Abstract 18269: Prognostic Value of Insulin-Like Growth Factor Binding Protein 7 (IGFBP7) in Patients With Heart Failure: Data From CORONA
Background: A recent proteomic analyses of cardiac tissue from a transgenic murine model of heart failure (HF) and clinical myocardial samples identified IGFBP7 as a candidate marker of HF. We investigated if serum levels of IGFBP7 were upregulated in human HF, if IGFBP7 provided independent prognostic information in these patients, and potential interactions with statin therapy.
Materials and methods: Serum IGFBP7 was measured in 187 HF patients and 57 matched healthy controls.
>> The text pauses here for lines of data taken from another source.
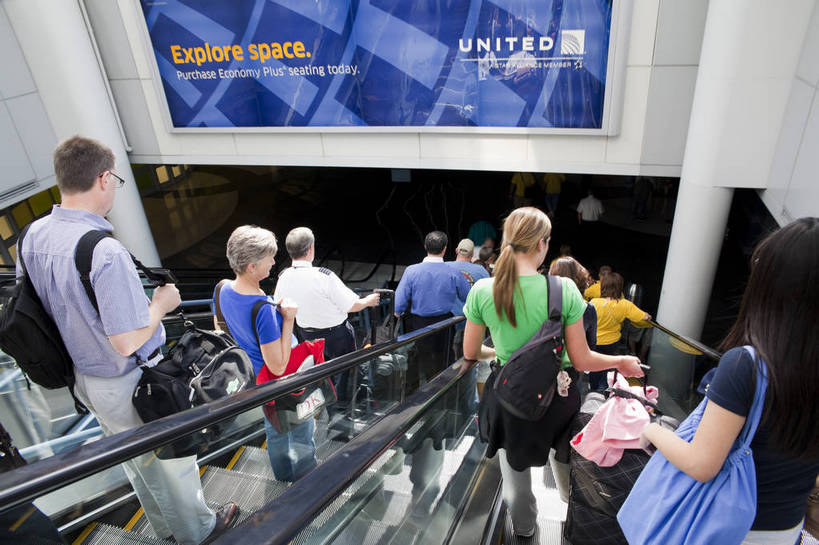 机场,横图,彩色,室内,特写,白天,旅游,建筑,美国,游客,图片,扶梯,通道,交通,辉煌,候机厅,现代建筑,航站楼,旅游胜地,运输,摄影,文明,细节,发展,芝加哥,繁荣,旅行,芝加哥机场,bj174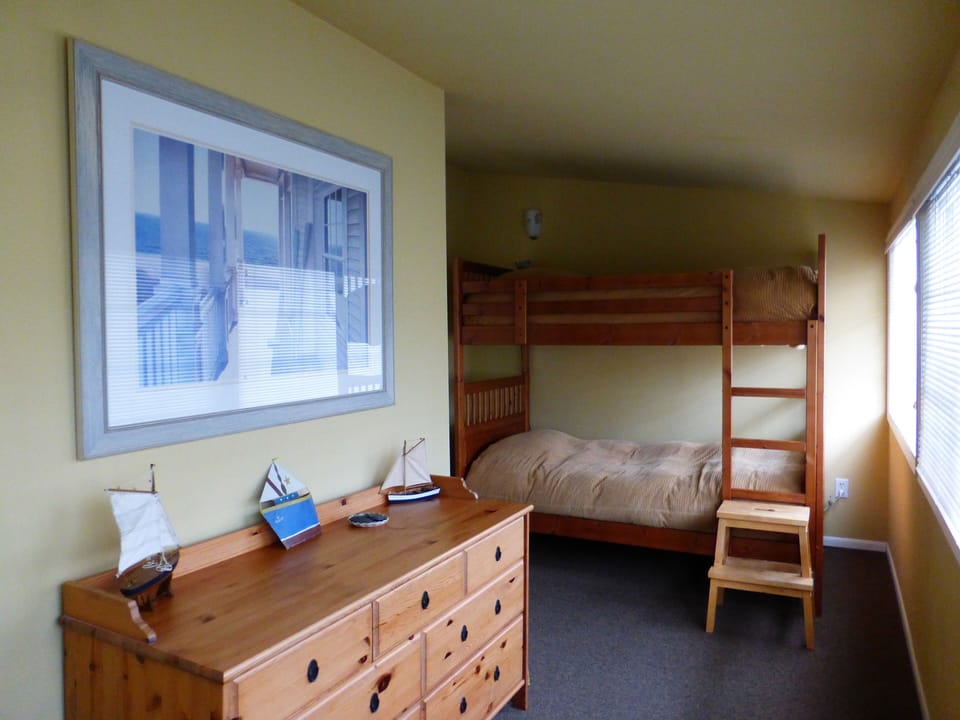 Bunk room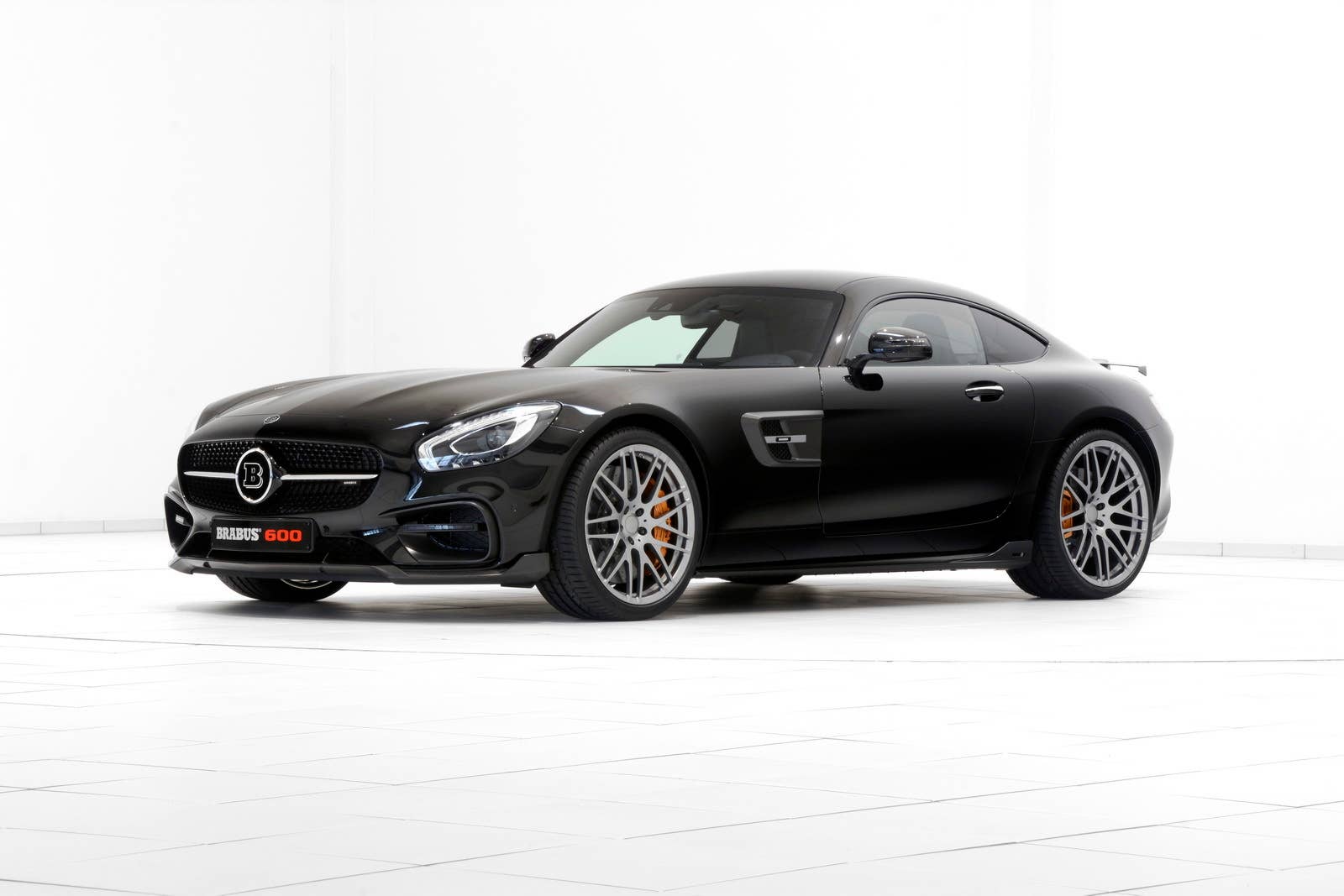 Mercedes-AMG GT Brabus studio front 3/4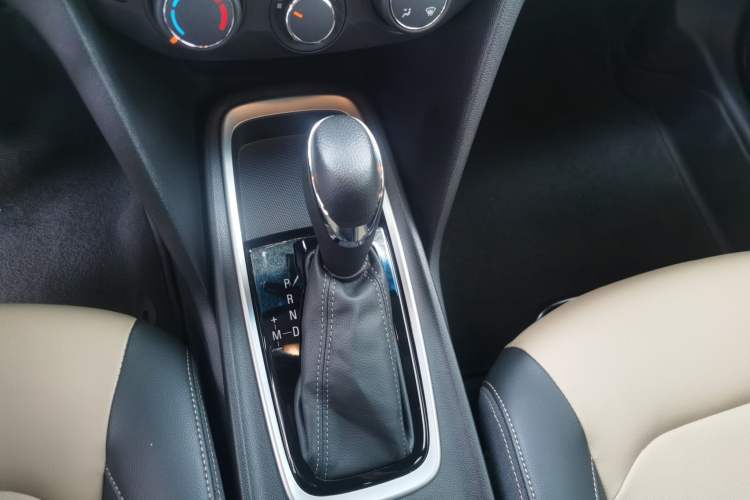Used Chevrolet Monza 2020 320 Automatic Enjoyment Edition Gear Lever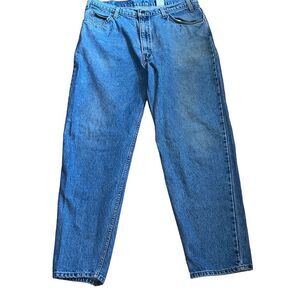 Vtg Levi’s 560 Loose Fit Tapered Leg Medium Wash Denim Blue Jeans size 36/30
The associations of serum IGFBP7 with adverse outcome were assessed in a subset of 1428 patients enrolled in the in the Controlled Rosuvastatin Multinational Trial in HF (CORONA) population, randomly assigned to 10 mg rosuvastatin or placebo, which included patients with HF, aged ≥60 years, in New York Heart Association classes II to IV, who had ischemic heart disease and a reduced left ventricular ejection fraction. Outcome included the primary endpoint (cardiovascular death, nonfatal myocardial infarction, nonfatal stroke; n=408), all-cause mortality (n=422), CV mortality (n=344), coronary endpoint (n=330) and CV mortality/hospitalization for worsening of heart failure (n=535).
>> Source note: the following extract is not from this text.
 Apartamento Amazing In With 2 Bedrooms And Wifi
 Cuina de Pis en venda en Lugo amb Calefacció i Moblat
Results: Serum IGFBP-7 levels were markedly elevated (p<0.001) in HF patients compared to controls (median [25th, 75th percentile]: 694 [586,874] ng/mL vs. 458 [425,499] ng/mL, p<0.001) and correlated with clinical severity (i.e. NYHA, p=0.002). In univariate analyses, IGFBP7 (continuous variable) was associated with all outcomes [HR ranging from 1.76 (coronary endpoint, p=0.003) to 3.08 (CV death, p<0.001)]. In multi-variable analyses, IGFBP7 remained significant for most endpoints after step 1 adjustment (adjusting for left ventricular ejection fraction, NYHA class, age, body mass index, diabetes, sex, intermittent claudication, heart rate, serum creatinine and apoA1) but the predictive value was markedly attenuated and not significant for any outcome after the addition of CRP and NT-proBNP. No interaction by treatment effects were observed for any outcome.
Conclusions: Serum IGFBP7 levels are elevated in patients with HF but add no predictive information beyond NT-proBNP for adverse outcome in older patients with advanced chronic systolic HF of ischemic aetiology.
- © 2013 by American Heart Association, Inc.